# [Material supplied]
************

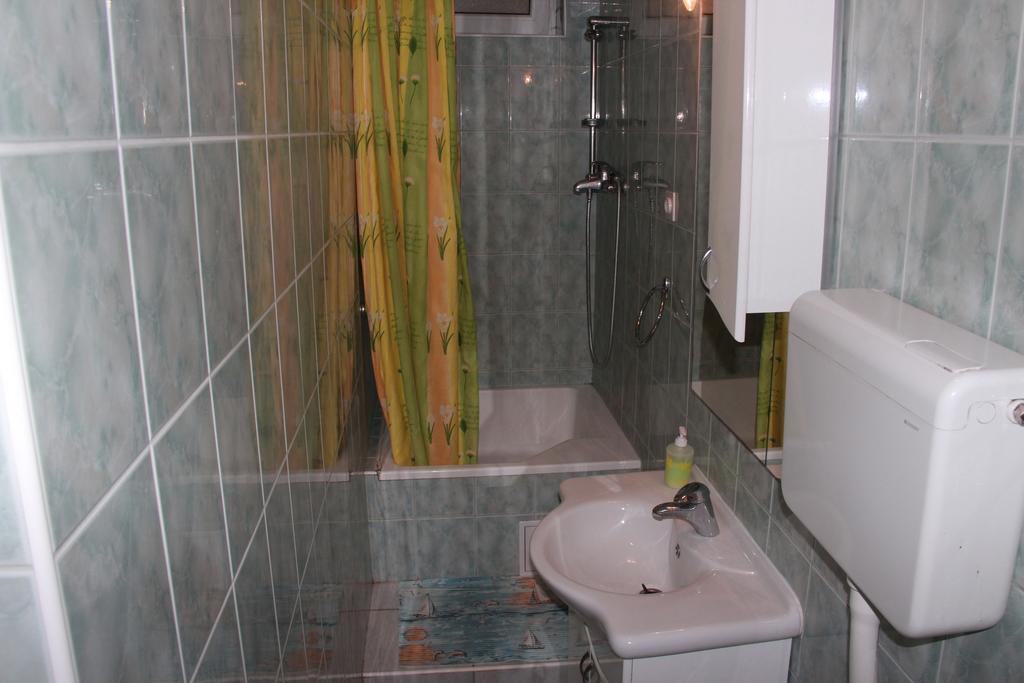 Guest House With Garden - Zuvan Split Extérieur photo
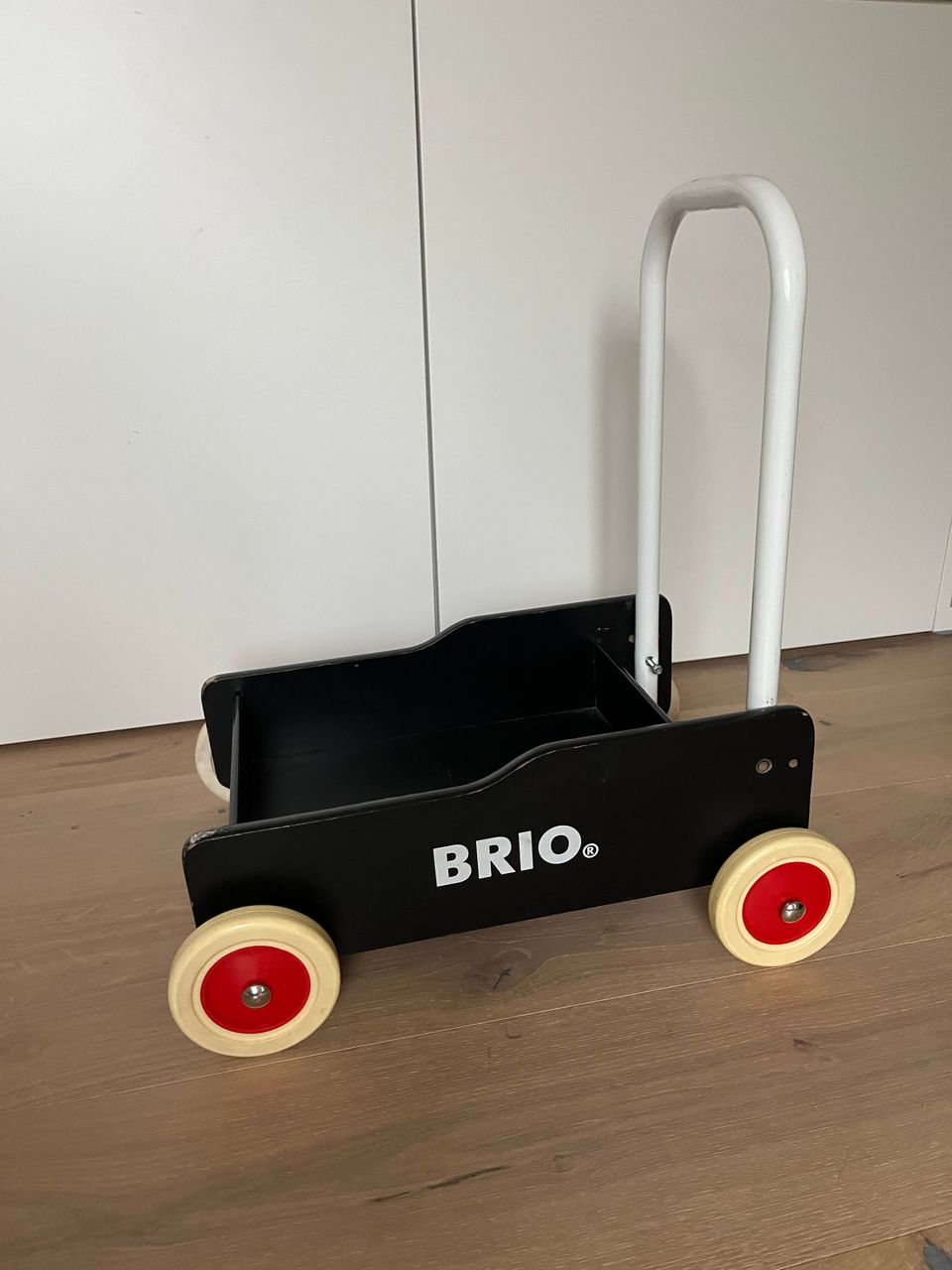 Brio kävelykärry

************

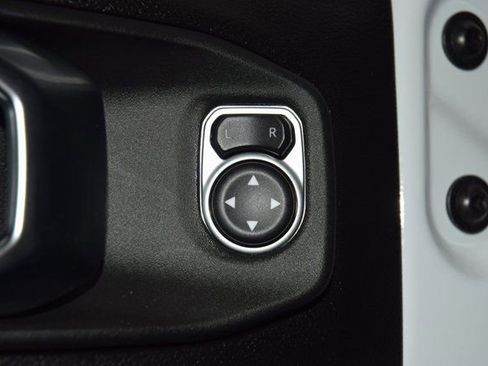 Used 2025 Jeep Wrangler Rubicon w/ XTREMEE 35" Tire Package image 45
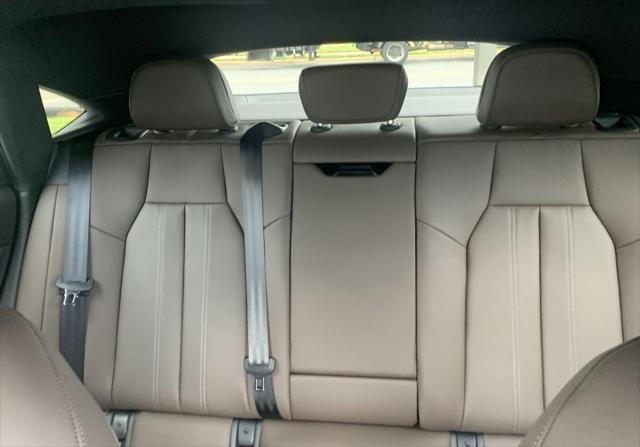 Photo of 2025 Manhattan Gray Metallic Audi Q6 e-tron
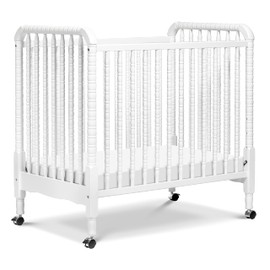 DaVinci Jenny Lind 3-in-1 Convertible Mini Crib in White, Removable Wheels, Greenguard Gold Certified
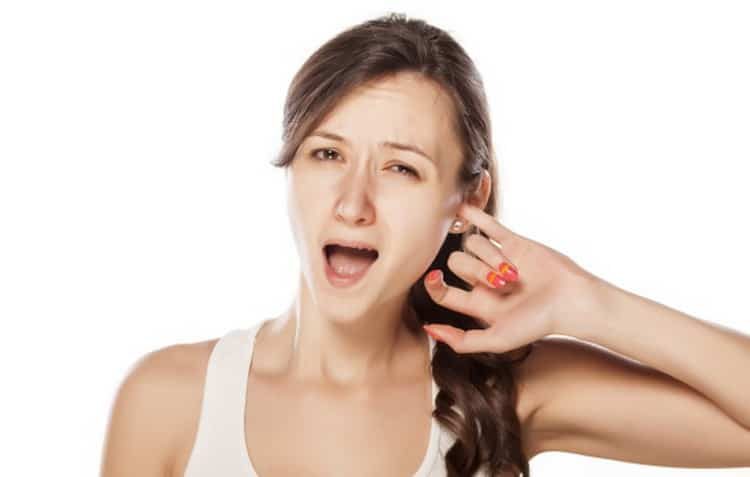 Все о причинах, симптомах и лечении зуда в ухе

************

# [Task brief]
Which part of the entries opens with the line containing "Photo of 2025" and closes with the line containing "Все о причинах, симптомах"? Output that part exactly, ends included, pictures excluded.

# [Written solution]
 Photo of 2025 Manhattan Gray Metallic Audi Q6 e-tron
 DaVinci Jenny Lind 3-in-1 Convertible Mini Crib in White, Removable Wheels, Greenguard Gold Certified
 Все о причинах, симптомах и лечении зуда в ухе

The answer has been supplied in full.